WORK REQUEST
Once the line containing "870 Eagleson Cres, Lillooet, British" is found in the data below, repeat it and every later line exactly, leaving the pictures out.

INFORMATION SHOWN
####################
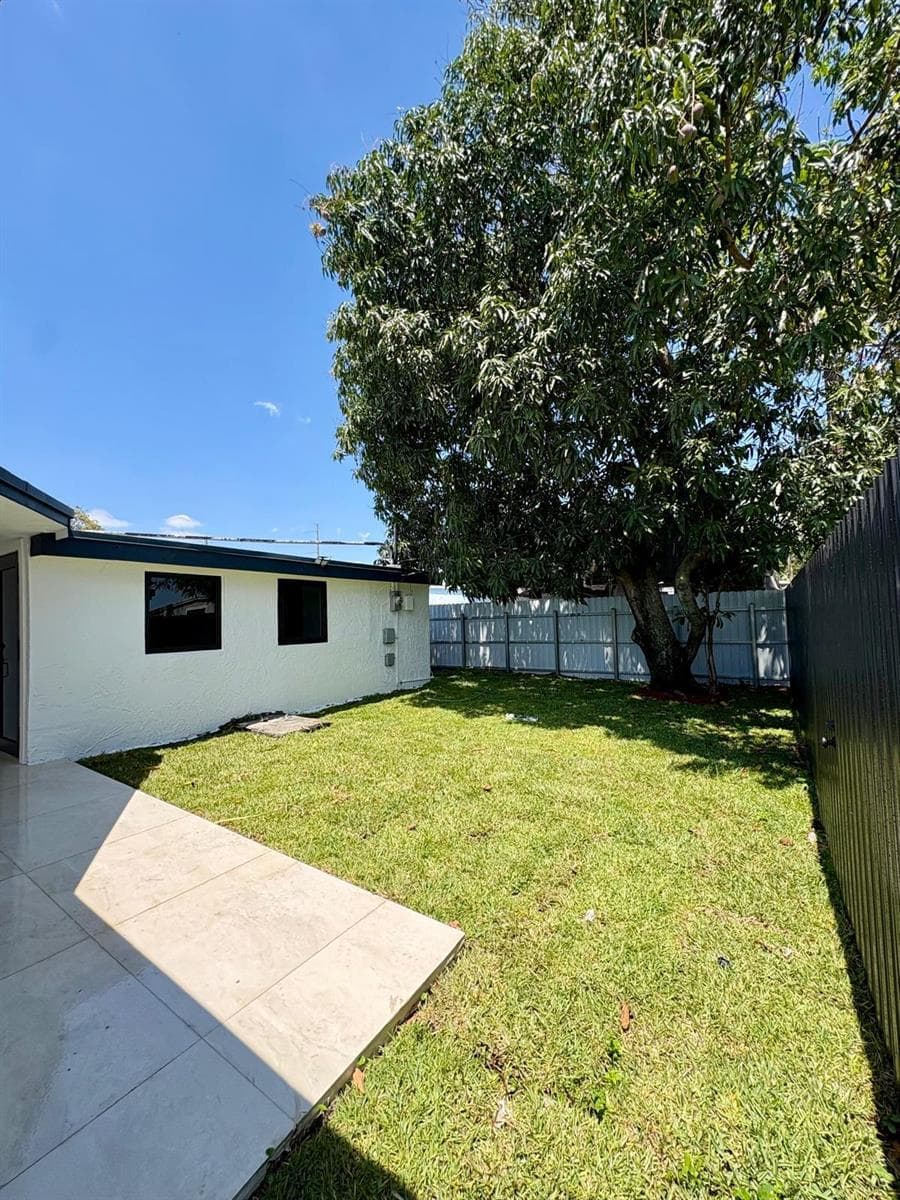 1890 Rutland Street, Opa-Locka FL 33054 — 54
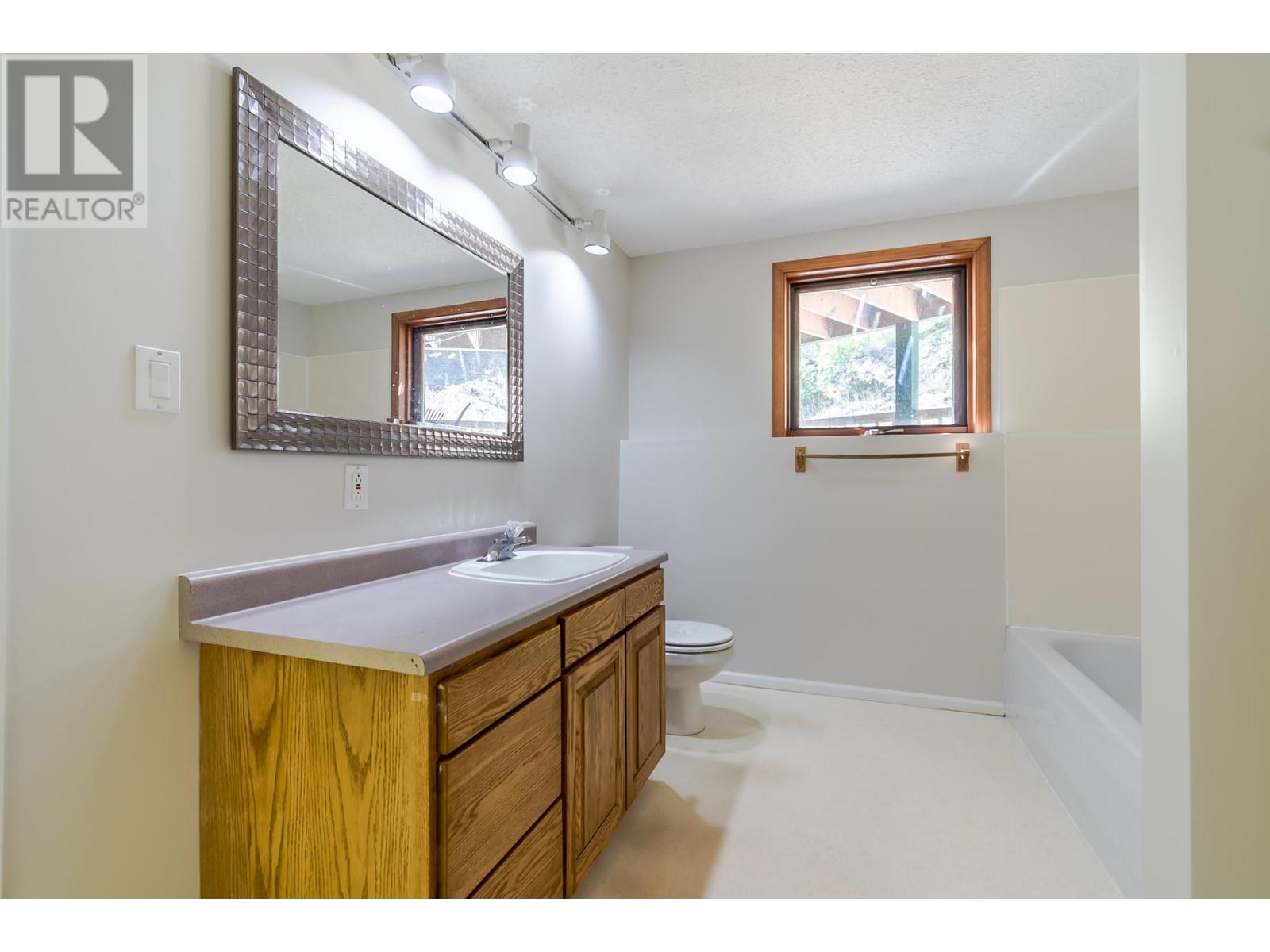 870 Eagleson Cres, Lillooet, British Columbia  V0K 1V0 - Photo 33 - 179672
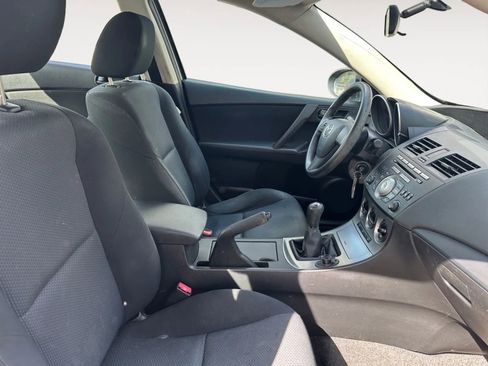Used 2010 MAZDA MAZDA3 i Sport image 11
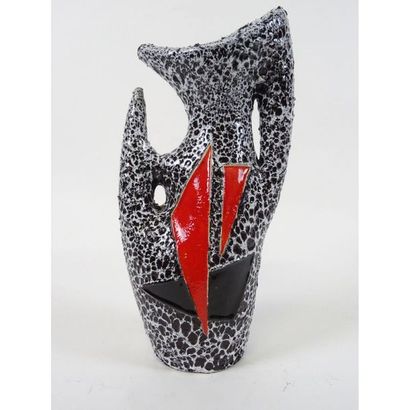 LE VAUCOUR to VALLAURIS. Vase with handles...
####################
SOLUTION
 870 Eagleson Cres, Lillooet, British Columbia  V0K 1V0 - Photo 33 - 179672
Used 2010 MAZDA MAZDA3 i Sport image 11
 LE VAUCOUR to VALLAURIS. Vase with handles...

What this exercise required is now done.